Когда вошел принц, мир перестал существовать. Наташа сразу узнала его — это тот самый мужчина, с фотографии. Не возникло даже сомнений, это не торговец или политик, и даже не какой-нибудь граф, а именно принц! С голубыми глазами и золотыми волосами. И он направился прямо к Наташе. Зал замер, и в застывшем воздухе слышались шаги двух человек, идущих друг навстречу другу.
* * *
Потом случилось все, чем должна заканчиваться красивая сказка о современной Золушке. Могучий дирижер взмахнул палочкой, взметнулись смычки скрипачей, взлетели и отразились от стен первые аккорды вальса. Наташа положила руки на плечи принца и почувствовала прикосновение к обнаженной спине его тепой ладони. Вальс закружил, опьянил, опутал сладкой паутиной, и уже было невозможно разомкнуть объятья, и танец продолжался, хотя музыка закончилась, а гости в абсолютной тишине смотрели на танцующую пару.

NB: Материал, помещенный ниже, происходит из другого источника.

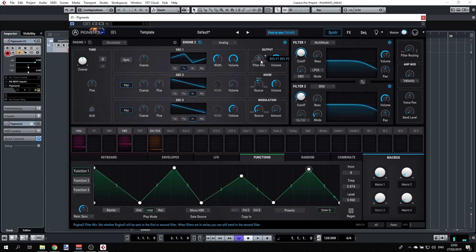That's just about it. We covered everything in the analog engine, and next we'll explore the wavetable.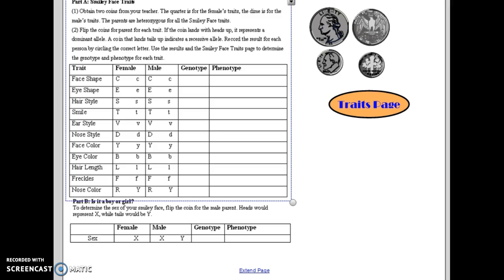You will flip the coins to determine what the genotypes are, and that will give you a phenotype. So if you read the directions up here at the top, you will see that the quarter is for female traits, the dime is for male traits.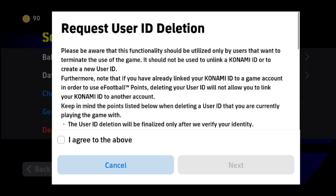Here you'll find this message: please be aware that this functionality should be utilized only by users that want to terminate the use of the game. It should not be used to unlink your economy ID or to create a new user ID. So you just need to make sure that you want to totally delete your ID, not just unlink your ID or create a new user ID.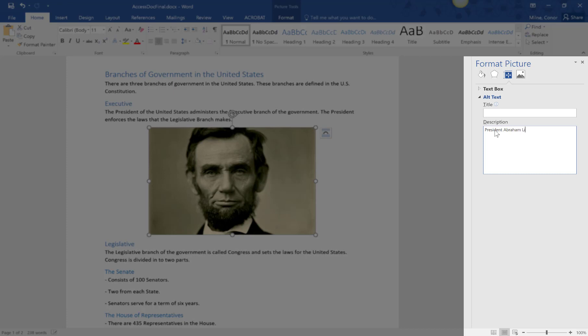As a note, you don't have to type, this is a picture of, etc. Use the description field, not the title field, as that is what the screen reader is going to be looking for. Close the format picture window when finished.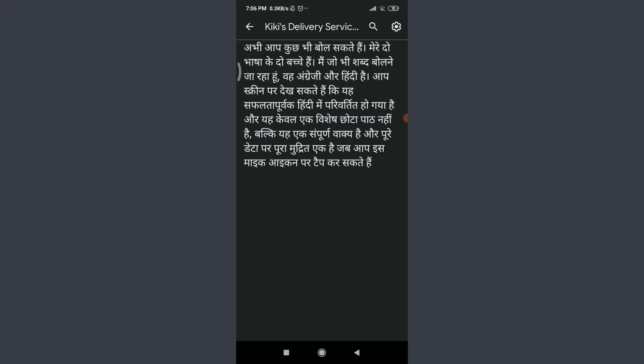This is how you use transcribe feature on Google Translate app. I'll see you in the next video. Till then, keep calm, stay safe, and goodbye.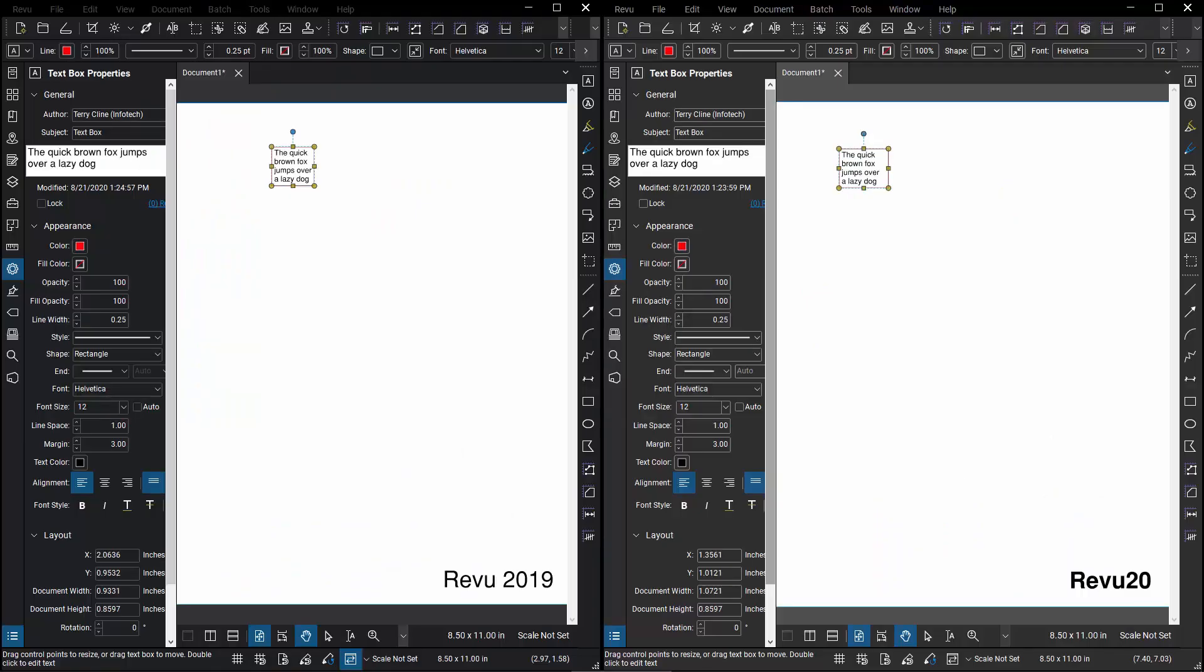I've got my screen split in half with Review 2019 on the left and Review 20 on the right. I have an identical file open with one text box that I'm in the middle of editing and I've also got the Properties panel open in each interface.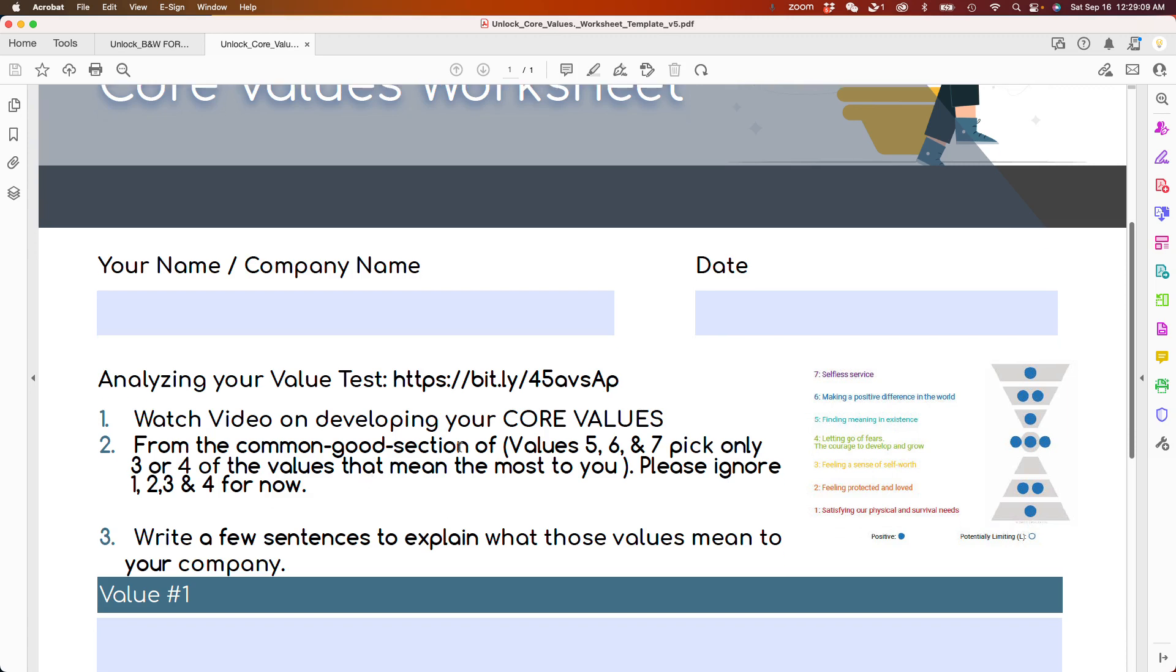So you'll watch the video on the core values that we have on our platform. The second thing is I would like for you from the common good section to focus on values 5, 6, and 7.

Да-да, было все — дрожь прикосновений, сладостный миг первого поцелуя, жгучего и хмельного, безумие блуждающих рук, слепящая белизна простыней на кровати под бархатным балдахином… и темнота, скрывающая высшее наслаждение нашедших друг друга людей.
С утра сказка продолжилась. Кофе, сок, фрукты, хрустящий багет с сыром — и силы вернулись, и снова сплелись обнаженные тела… Жизнь прекрасна и удивительна! Только когда маленький реактивный самолет оторвался от взлетной полосы аэропорта Внуково-2, а земля стала стремительно удаляться, Наташа вспомнила о Рудакове. Это было воспоминание о чем-то приятном, теплом и ушедшем навсегда.
Наташа счастливо улыбнулась и склонила голову на плечо сидевшему рядом златокудрому принцу.